昨日は洋服を作る過程におけるパタンナーの話、そして縫製の話をしました。その縫製の後、アイロンで仕上げる訳ですがこれも超重要です。アイロン仕上げもアイロン仕上げだけのプロが工場にいるくらいで、実はすごく奥の深い、そして超重要な仕事です。簡単に説明すると、生地というのは前日説明したようにタテ糸とヨコ糸で出来ているといいました。縫う時にこの糸の流れを乱すと、変な欠点が出てくることも説明しました(参照記事:洋服ができるまで (前編:テキスタイル、副資材とデザイナー))・(参照記事2:洋服のできるまで(中編:パタンナーと縫製過程))。それくらい生地を構成する糸をどう扱うかということが重要で、アイロン仕上げもこの糸の扱いに関わる技術なんですね。理論的にはこの糸と糸との隙間をアイロンの熱と蒸気そして張力で変化させるということなのですが、つまりはアイロン仕上げによって平らであるはずの布を立体に仕上げる事ができるのです。次に簡単に写真で解説させていただきます。
<元の平らな生地 糸の流れを確認するために縦横2cm間隔に線>
線でできた正方形の格子が真ん中の方は少し歪んでいるのがわかると思います。
<立体になった元々平面の布、横から>
![布アイロン処理横](https://stat.ameba.jp/user_images/20140607/07/s-teranishi/d7/85/j/o0567042512965325105.jpg?caw=800)
<立体になった元々平面の布、斜め上から>
実際の製品を仕上げる時のアイロンでここまでの極端な事はしませんが、平面の布も、布であるがゆえにアイロンで立体にすることが可能だということがわかると思います。工場で大量生産の場合はここまで極端にはしません。が、オーダーメードのスーツなどは、一着一着に手をかけて、特にこのアイロン処理を丁寧にすることで、立体感のある洋服を仕上げるので、一般的に量産型のスーツより高い値段になります。
パタンナーは服を構成する各々のパーツの形状を決定し、それらをどうやって縫い合わせるかの設計図をつくります。この過程で生地の特性である糸と糸の隙間を計算に入れながらどこを伸ばす、縮める、平らに処理する等を出来上がりを想定して設計図であるパターン(型紙)を作ることは前日説明しました。が、パターン(型紙)で表現できる立体感は服を構成する布全体ではなく縫い目に関わる部分だけになります。縫製者はこの設計図を実際に行動に移す仕事です。パターンはあくまで想定(設計図面)であるので、縫製の最中に色々な予想外な問題が起きたりしますが、それを縫う人の独自の経験とセンスで処理する訳です。うまくいけば、パタンナー通りの立体感が出ているでしょう。そして、最後にアイロンで、縫い目はもちろんの事、もともと平面であった布パーツ全体に仕上げの立体感を与えるのです。こうしてようやく洋服の完成です。
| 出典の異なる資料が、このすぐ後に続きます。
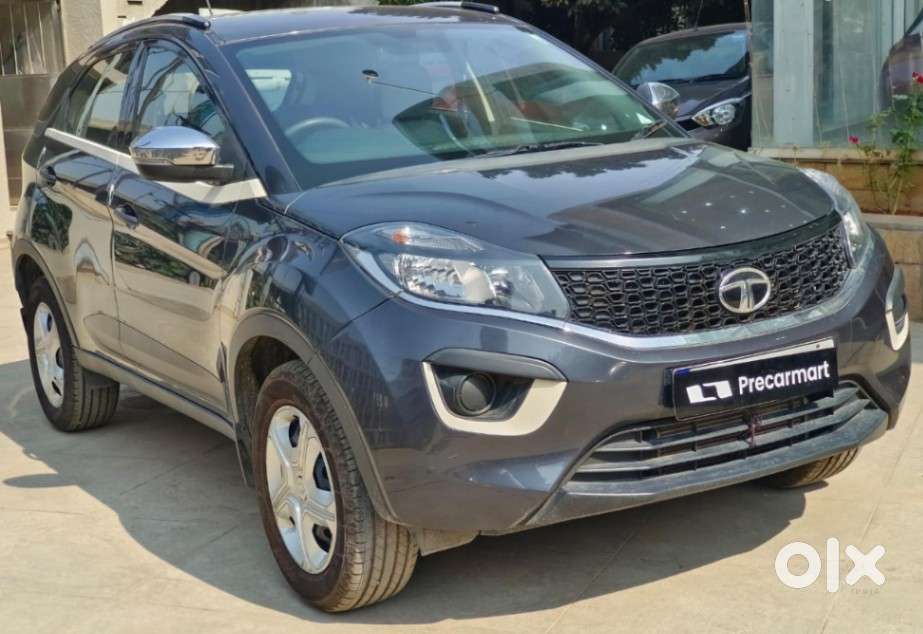 Tata Nexon 1.2 Revotron Xm, 2018, Petrol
デザイナーが産んだ個性溢れるデザインが、無数の可能性の中から洗練されて作られた生地にのって、パタンナーの手により具体的な形が型紙に託され、副資材を適材適所に駆使しつつ、縫製者のセンスによって布の特性を活かされたまま姿を現し、アイロンの繊細な仕上げによって立体がより立体に変化することで、本当の意味での良い美しい洋服が仕上がる訳です。良い服はやっぱり高いということが少しでも理解していただければ幸いです。
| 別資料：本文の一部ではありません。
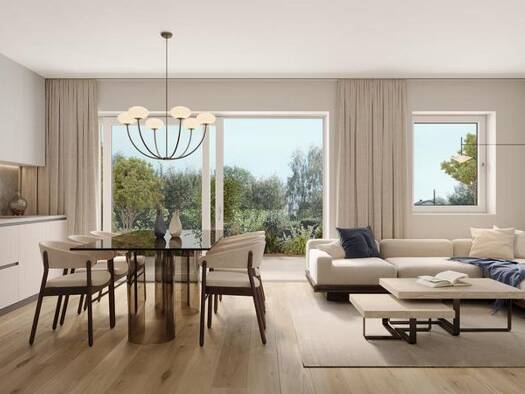 Terrassenwohnung zum Kauf 536.000 € 2 Zimmer 67 m² Schörfling 4861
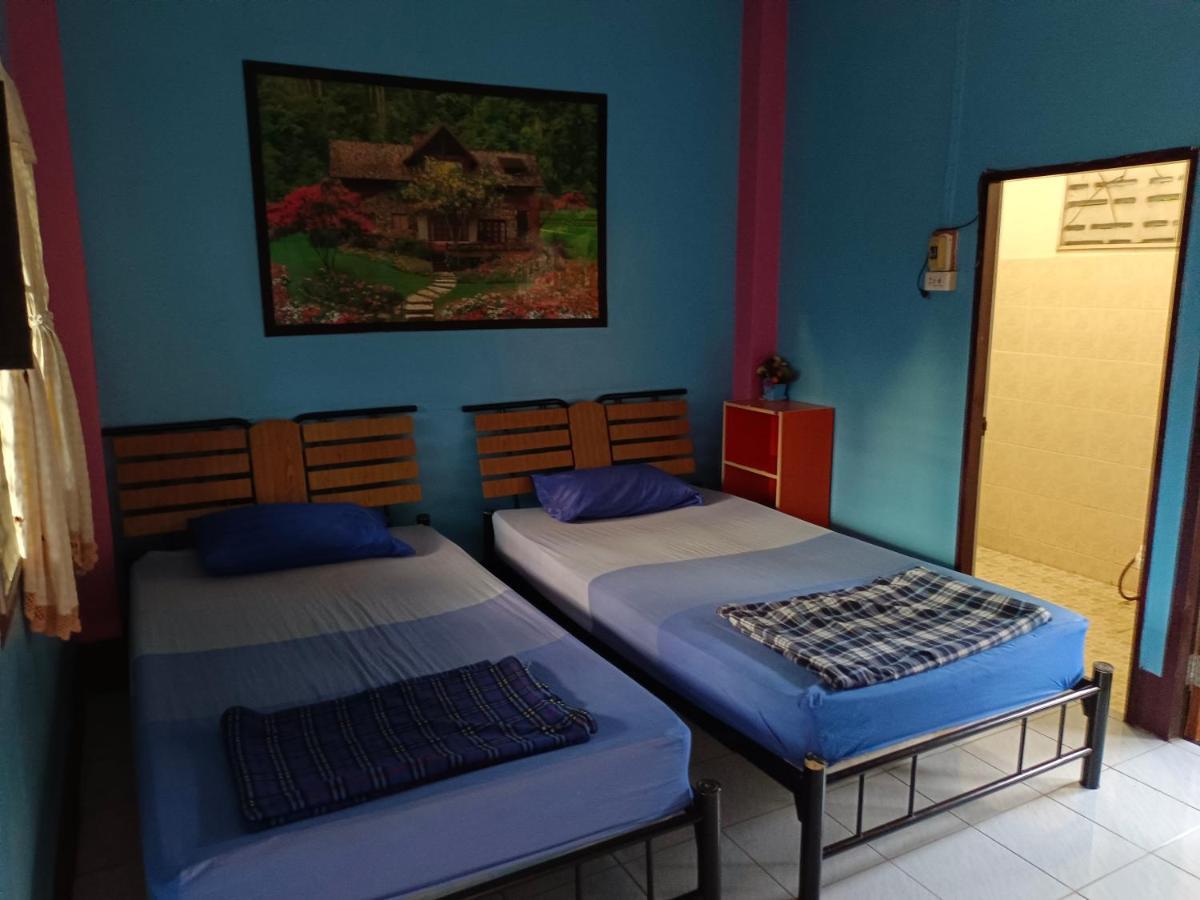 Sunny Tayai Hostel 빠이 외부 사진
その後、ファッションショーや展示会などでバイヤーや広報、雑誌関係者などに公開された後、注文を受け、オーダーの入った分だけ量産しなければなりません。量産で必要になってくるのは、サイズ展開(グレーディング)です。サイズ展開をするのも基本的にはパタンナーの仕事です。これはただ単純に小さくするか大きくするかの作業に見えますが、人間の体は身長が低くなったからといって同じ割合だけコピー機で横幅も縮小すればいいわけではありません。身長の増減と横幅の増減は比例しないからです。ですので、タテとヨコのバランスを考えて、デザインは一緒であるが、パターン自体は事実上全く別のものをサイズごとに用意しないといけません。今はコンピュータ(CAD:製図用のコンピュータプログラム)を使って一度どのようにサイズ展開するかをプログラムすれば後は自動的にできるようになりましたが、これを指示するのは人間であり、複雑なデザインになればなるほど元のイメージを崩さないようにデザインのバランス(ポケットの大きさとかボタンの位置など全体との兼ね合い等)を保ちながらサイズ展開するのは、容易なことではありません。
こうやって、サイズ展開されたものを工場に送り、生地、パターン、付属品(副資材)、必要な物を全て送り、納品を待ちます。納品されると検品し問題が無ければ、お店にようやく送られ、皆さんが手に取って見られるようになるわけです。
ここで挙げた例は、基本的なものであり、会社の規模や方針によって当然変わって来ます。ですが、ここでの主旨は、こだわってものを作ればこだわれる点は無数にあるし、その全ての過程でプロフェッショナル達の技術・知識が関わっている訳ですから、それだけお金もかかってくる、つまり川久保玲さんがおっしゃるように、良い物は高くならざるを得ない、ということを少しでも伝えられればということでした。次に洋服を見に行った時に、以前より少しでも興味を持って、いつもと違う所に眼を運ばせて、もっともっと洋服に親しみを持って接してもらえるようになれば、洋服を作っている一人として本当にありがたいなと思います。